The C.O. is going to due some research to back up what he had told me and get back to me as soon as he can.


So far it looks as if i'm good to go on draining prep of the soil for next spring.

Thanks for the help.

Just me


----------



## boehr (Jan 31, 2000)

quack head said:


> So for I have not made attempts to improve the yield of my plantings. ig. killing weeds around the pond with Round Up. Draining and nutralizing the soil. My main concern in the trout stream. I am not sure if it is illegal to use* fertilizers and chems *that could flow in to the stream. Can I even drain the pond?


I don't see a problem with the draining part but I question the other part that you refer too.


----------



## quack head (Oct 23, 2007)

Ya Boher I hear you on that. I don't want to introduce any chems into the trout stream. Im nearly a 100% sure that nutralizing the soil with lime is ok as long as there is no flowing water pulling in into the river. The Round Up I am not sure about and will look into it before I make any move on it's use in the DRAINED pond. the ferilizer I will not be using. 

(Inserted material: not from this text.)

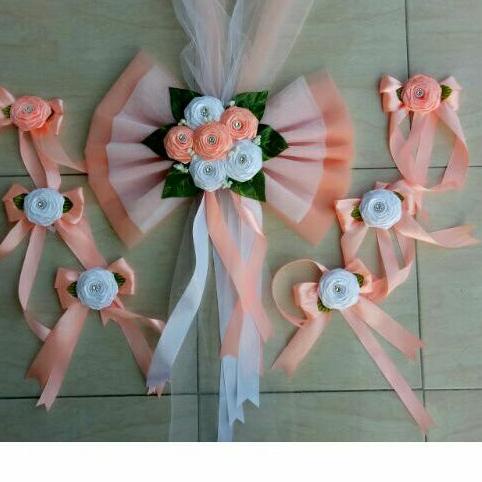 Disskon Gede. Bunga Hias Mobil pengantin MPT01 6 bunga kecil dan perekat magnet- Bunga mobil Pernika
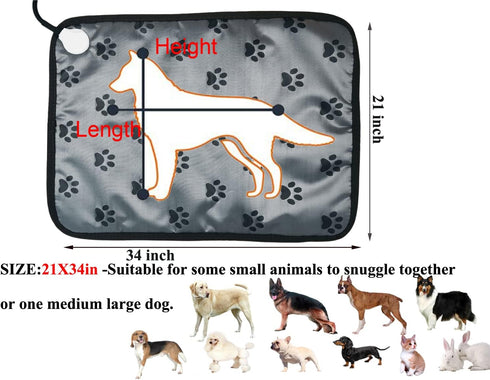 Large Pet Heating Pad 34"x21" for Dogs & Cats, Electric Warming Pad with Timer, Chew Resistant Cord, Easy Clean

My main concern is the trout stream It holds some biggins and is used for brood stock by the D.N.R. I am also near the head waters that holds alot of fingerlings and understand that these young fish are less tolerent to anything harmfull that is introduced to the system.

I will not improve one animals habitat at the harm of anothers. I'm just looking for the proper way to go about it.


----------



## Boardman Brookies (Dec 20, 2007)

quack head said:


> I have a similar issues on a trout stream I fish. I was contacted my a local trapper. He is going to trap all the beaver in back there. He will then, over time, begin taking down the dam. If the dam is "blown" then there is the threat that all the sediment in the pond quickly being released. This could cause more harm then good. I would post on the trapping forum. I bet within a day you will have about a dozen PMs. Keep us posted.


----------



## quack head (Oct 23, 2007)

Boardman Brookies said:


> I have a similar issues on a trout stream I fish. I was contacted my a local trapper. He is going to trap all the beaver in back there. He will then, over time, begin taking down the dam. If the dam is "blown" then there is the threat that all the sediment in the pond quickly being released. This could cause more harm then good. I would post on the trapping forum. I bet within a day you will have about a dozen PMs. Keep us posted.


I do not want to remove the dam only manage the water flow. But you are in the same boat as me I do not want to do anything that will be harmful to the the stream as I care about the fish aswell


----------